- RECORDS TO USE -
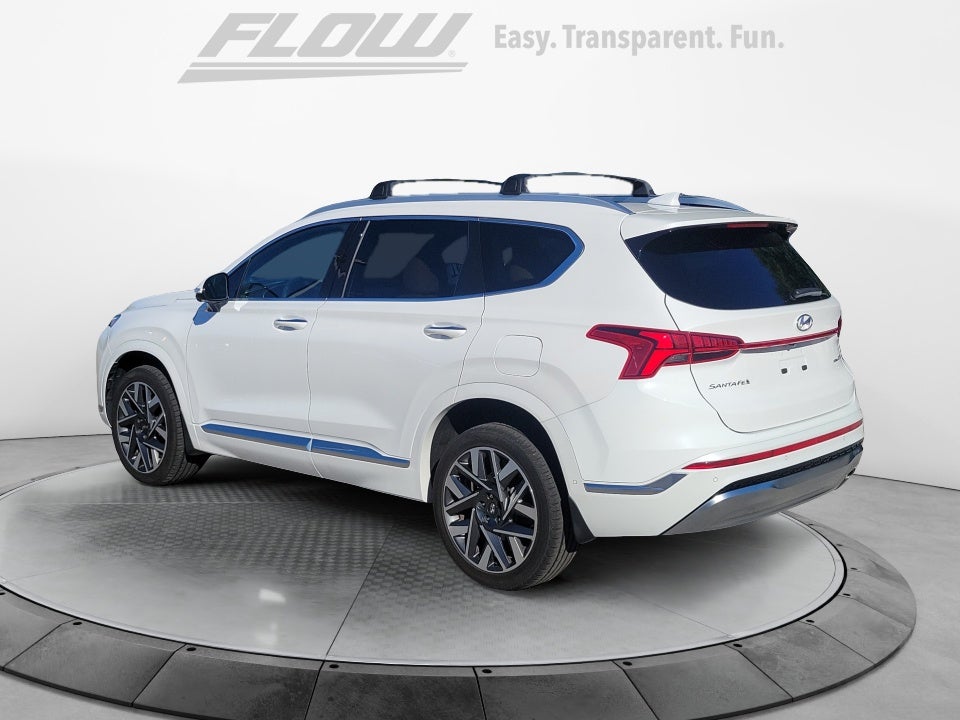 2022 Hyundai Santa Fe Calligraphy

==

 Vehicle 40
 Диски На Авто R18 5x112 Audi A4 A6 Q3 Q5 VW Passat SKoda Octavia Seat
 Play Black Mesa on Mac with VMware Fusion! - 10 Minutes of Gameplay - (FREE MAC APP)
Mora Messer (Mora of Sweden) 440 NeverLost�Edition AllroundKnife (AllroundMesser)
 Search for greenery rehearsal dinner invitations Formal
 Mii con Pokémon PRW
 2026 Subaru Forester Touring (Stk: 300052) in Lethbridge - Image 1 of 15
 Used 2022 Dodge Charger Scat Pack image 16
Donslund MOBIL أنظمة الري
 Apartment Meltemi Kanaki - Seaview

- AIM OF THE EXERCISE -
Repeat exactly the lines above from the one with "Диски На Авто" up to and including the one with "Apartment Meltemi Kanaki - Seaview". No other line belongs in the reply.

- TASK SOLUTION -
 Диски На Авто R18 5x112 Audi A4 A6 Q3 Q5 VW Passat SKoda Octavia Seat
 Play Black Mesa on Mac with VMware Fusion! - 10 Minutes of Gameplay - (FREE MAC APP)
Mora Messer (Mora of Sweden) 440 NeverLost�Edition AllroundKnife (AllroundMesser)
 Search for greenery rehearsal dinner invitations Formal
 Mii con Pokémon PRW
 2026 Subaru Forester Touring (Stk: 300052) in Lethbridge - Image 1 of 15
 Used 2022 Dodge Charger Scat Pack image 16
Donslund MOBIL أنظمة الري
 Apartment Meltemi Kanaki - Seaview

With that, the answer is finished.